(Exercise inputs Opens)
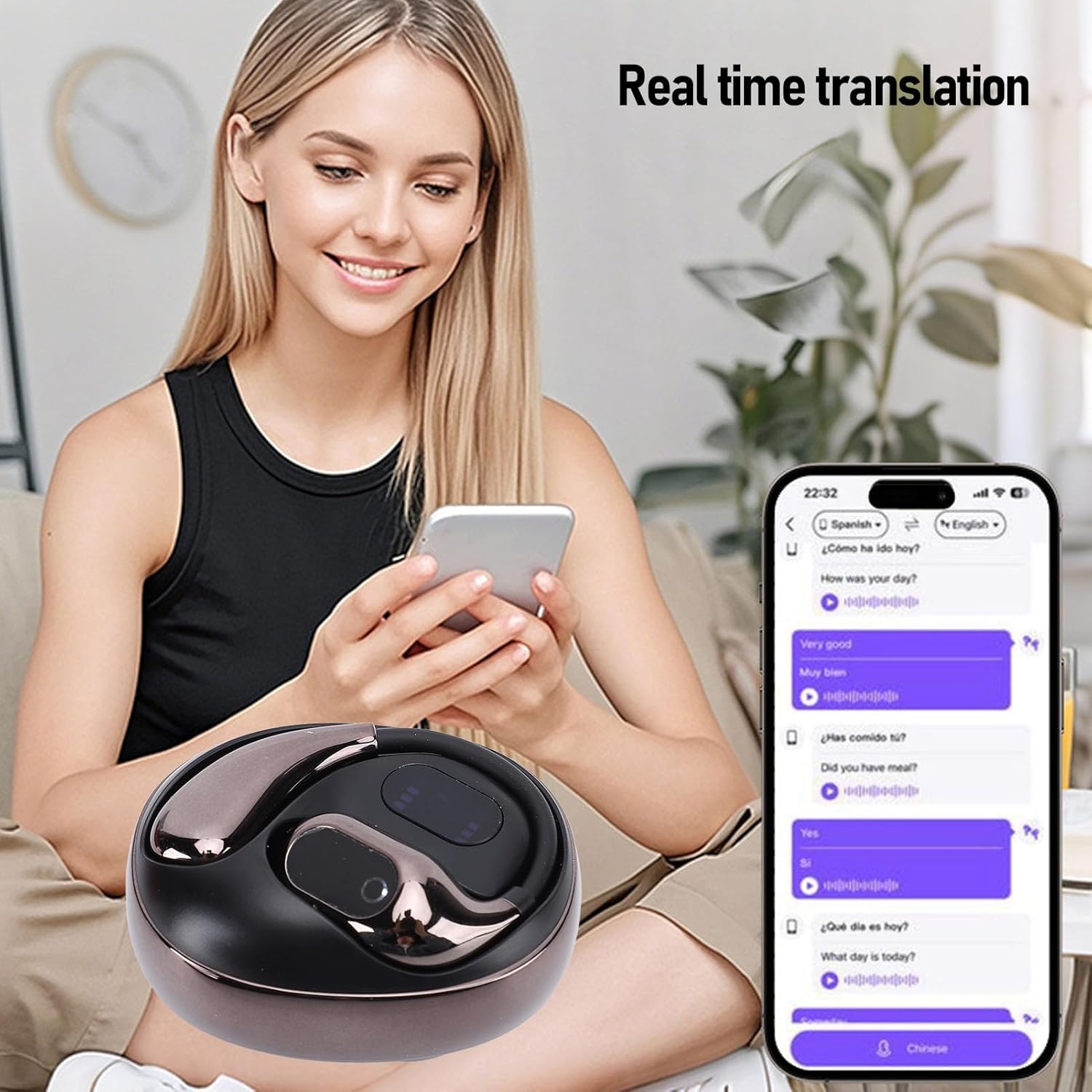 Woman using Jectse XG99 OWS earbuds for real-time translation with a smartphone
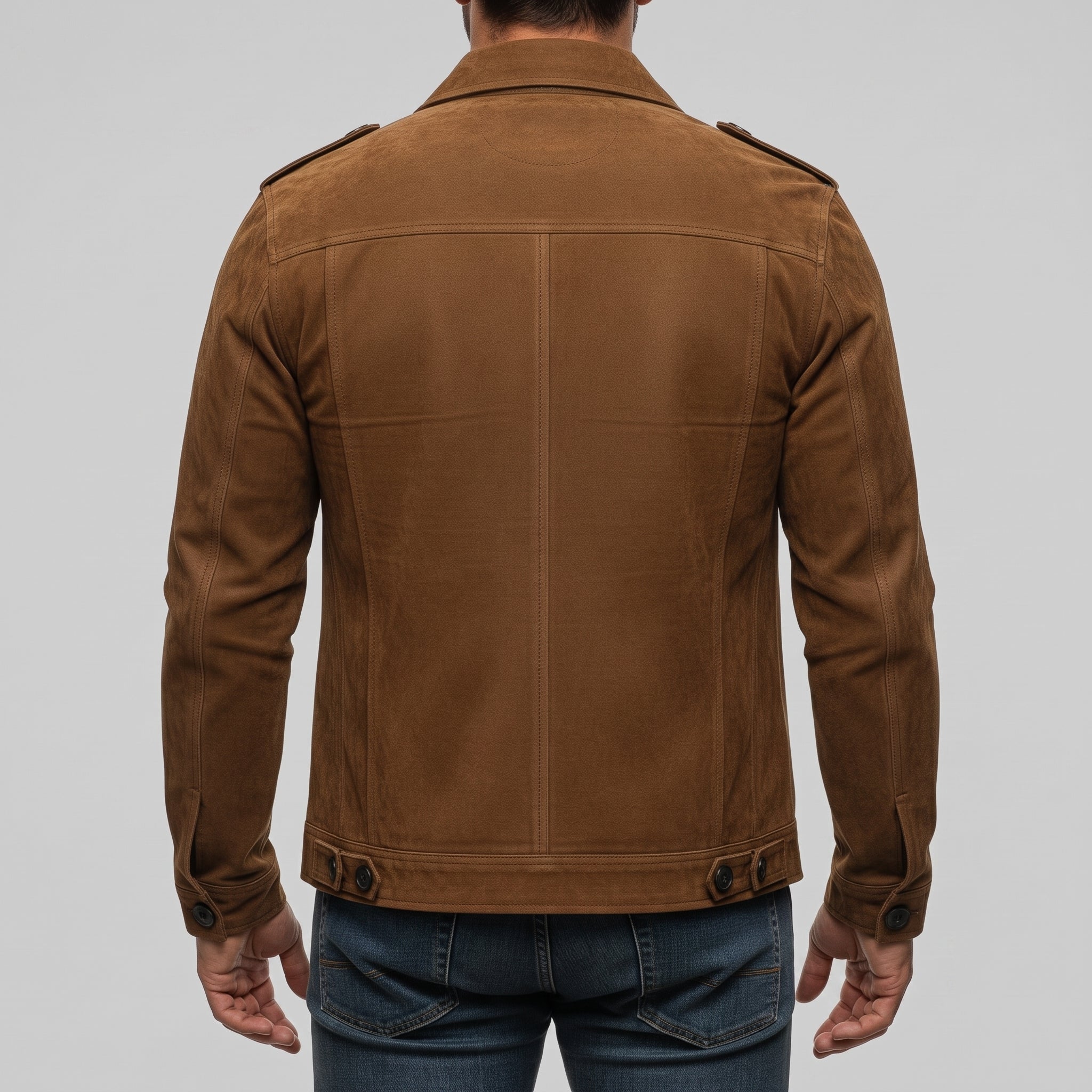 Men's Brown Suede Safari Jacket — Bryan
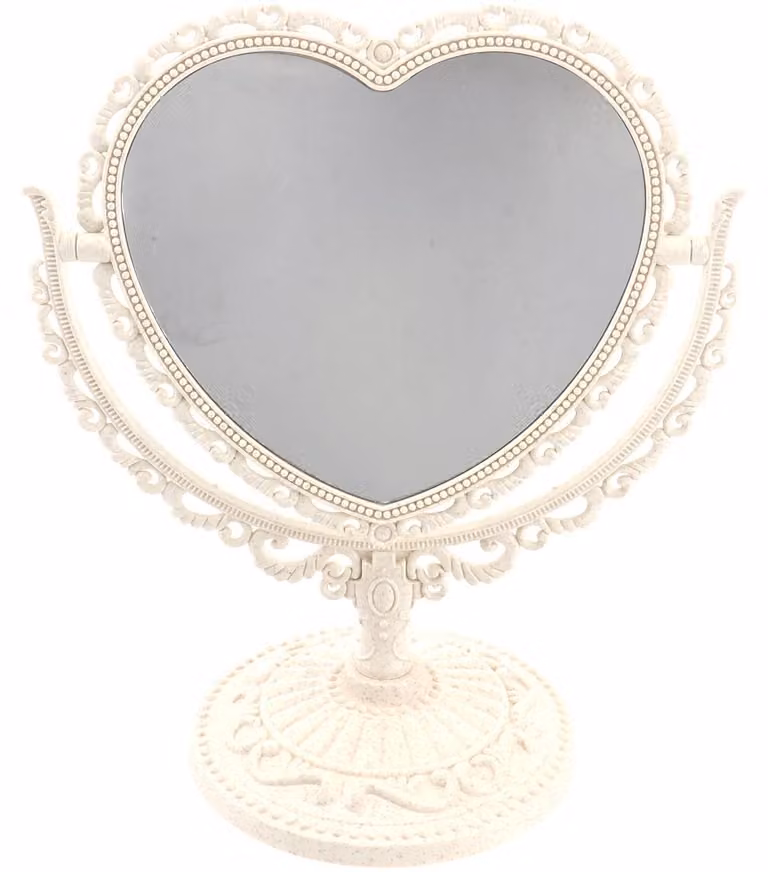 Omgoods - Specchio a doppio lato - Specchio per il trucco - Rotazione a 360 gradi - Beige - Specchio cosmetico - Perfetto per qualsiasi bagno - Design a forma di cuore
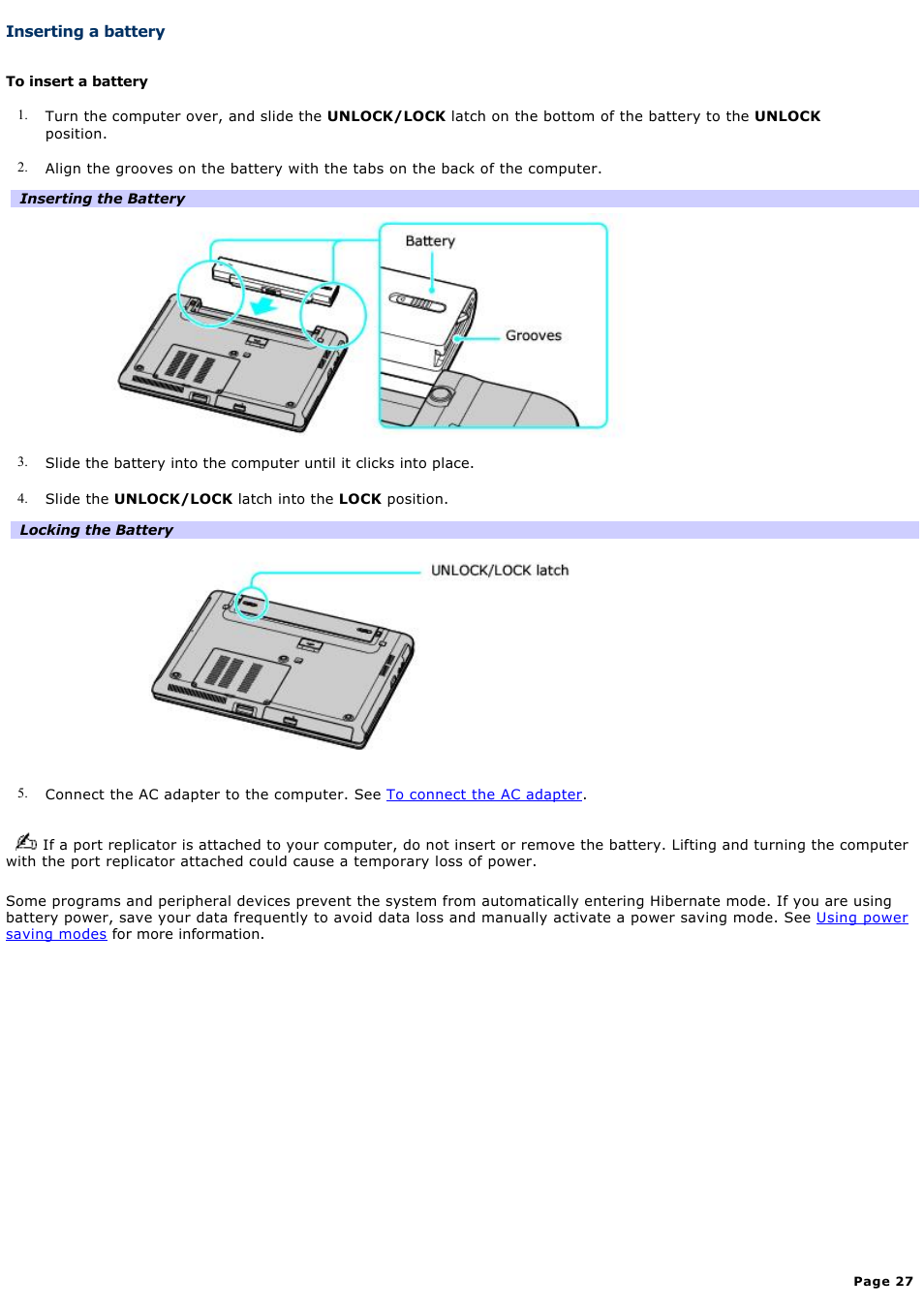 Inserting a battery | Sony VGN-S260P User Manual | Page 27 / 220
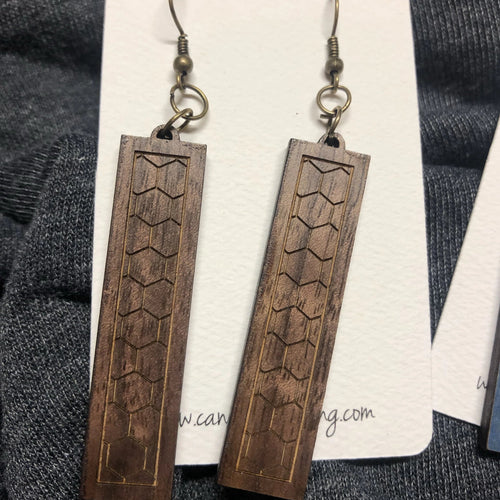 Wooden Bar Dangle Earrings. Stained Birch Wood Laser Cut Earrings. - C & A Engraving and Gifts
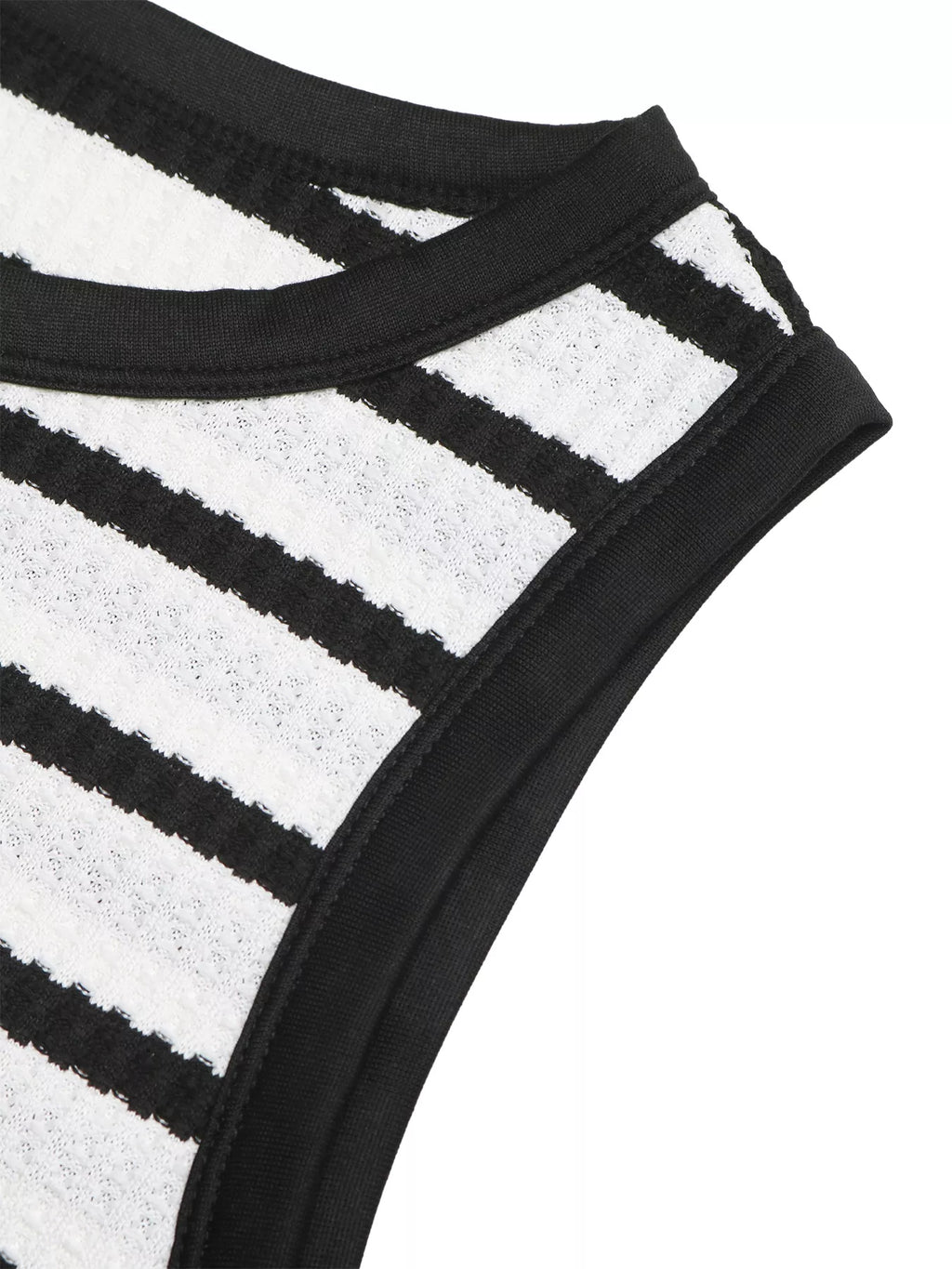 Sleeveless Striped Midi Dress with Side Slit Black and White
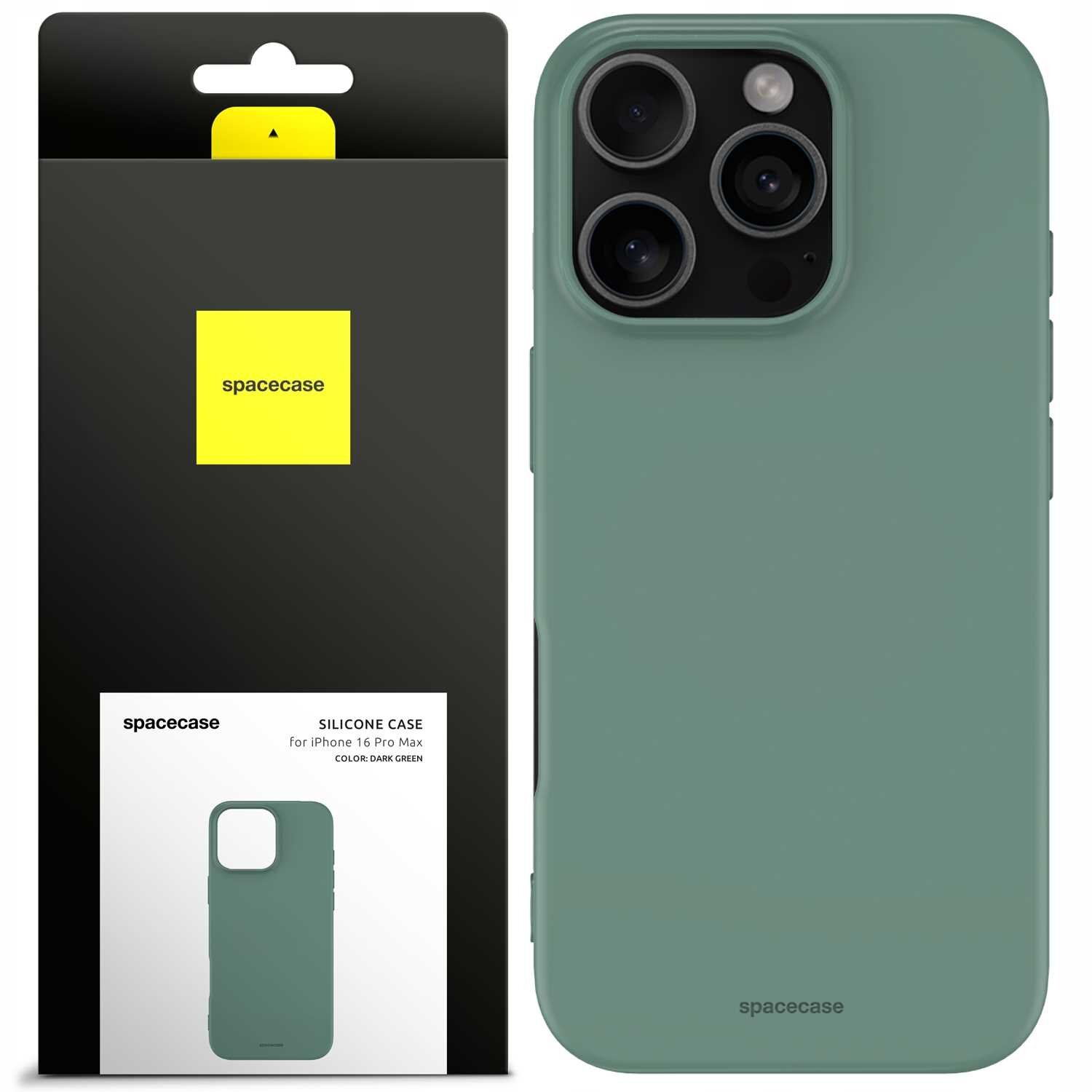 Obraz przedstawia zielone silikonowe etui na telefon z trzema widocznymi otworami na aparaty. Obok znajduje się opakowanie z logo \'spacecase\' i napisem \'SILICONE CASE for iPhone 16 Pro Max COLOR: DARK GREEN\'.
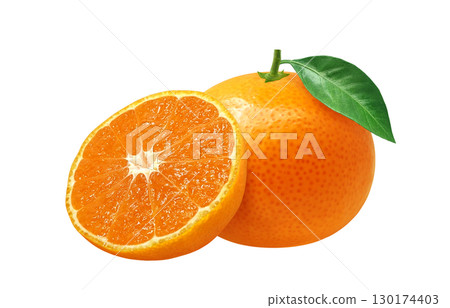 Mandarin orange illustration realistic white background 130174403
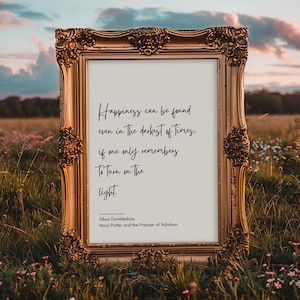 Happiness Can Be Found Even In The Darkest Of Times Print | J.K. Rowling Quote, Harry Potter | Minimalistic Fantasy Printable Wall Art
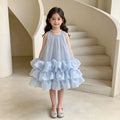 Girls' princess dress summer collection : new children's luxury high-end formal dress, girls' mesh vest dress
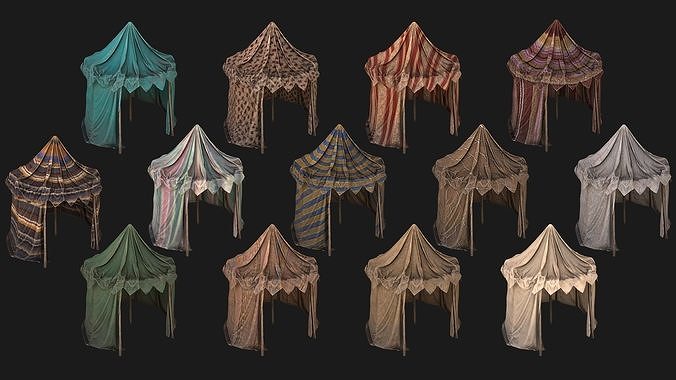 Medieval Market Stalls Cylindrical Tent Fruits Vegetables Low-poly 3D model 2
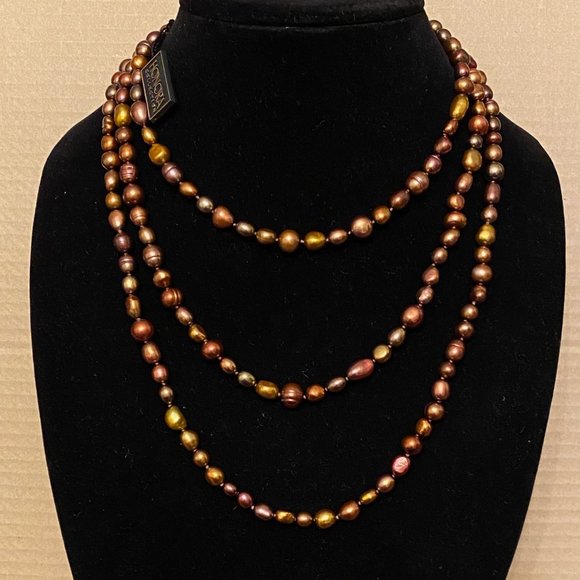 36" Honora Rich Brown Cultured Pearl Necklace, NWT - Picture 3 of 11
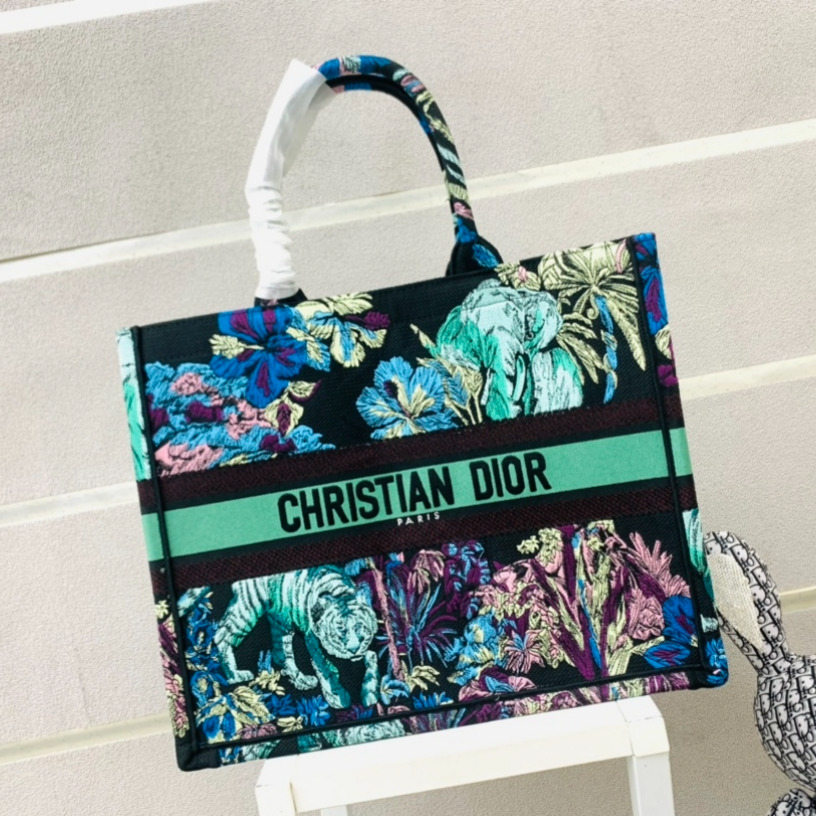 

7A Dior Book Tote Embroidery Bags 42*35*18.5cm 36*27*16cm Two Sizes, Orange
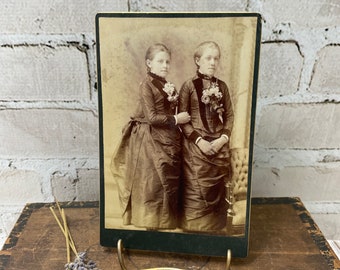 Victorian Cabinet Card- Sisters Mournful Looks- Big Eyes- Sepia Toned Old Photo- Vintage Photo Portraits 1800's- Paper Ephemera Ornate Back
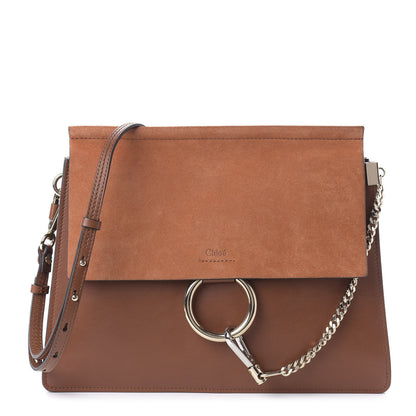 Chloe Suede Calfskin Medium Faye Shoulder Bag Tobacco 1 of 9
(Exercise inputs Closes)
Transcribe, from the material above, the stretch starting at the line with "Mandarin orange illustration" and ending at the line with "7A Dior Book", both included, exactly. Do not carry over pictures.

Output:
 Mandarin orange illustration realistic white background 130174403
 Happiness Can Be Found Even In The Darkest Of Times Print | J.K. Rowling Quote, Harry Potter | Minimalistic Fantasy Printable Wall Art
 Girls' princess dress summer collection : new children's luxury high-end formal dress, girls' mesh vest dress
 Medieval Market Stalls Cylindrical Tent Fruits Vegetables Low-poly 3D model 2
 36" Honora Rich Brown Cultured Pearl Necklace, NWT - Picture 3 of 11

7A Dior Book Tote Embroidery Bags 42*35*18.5cm 36*27*16cm Two Sizes, Orange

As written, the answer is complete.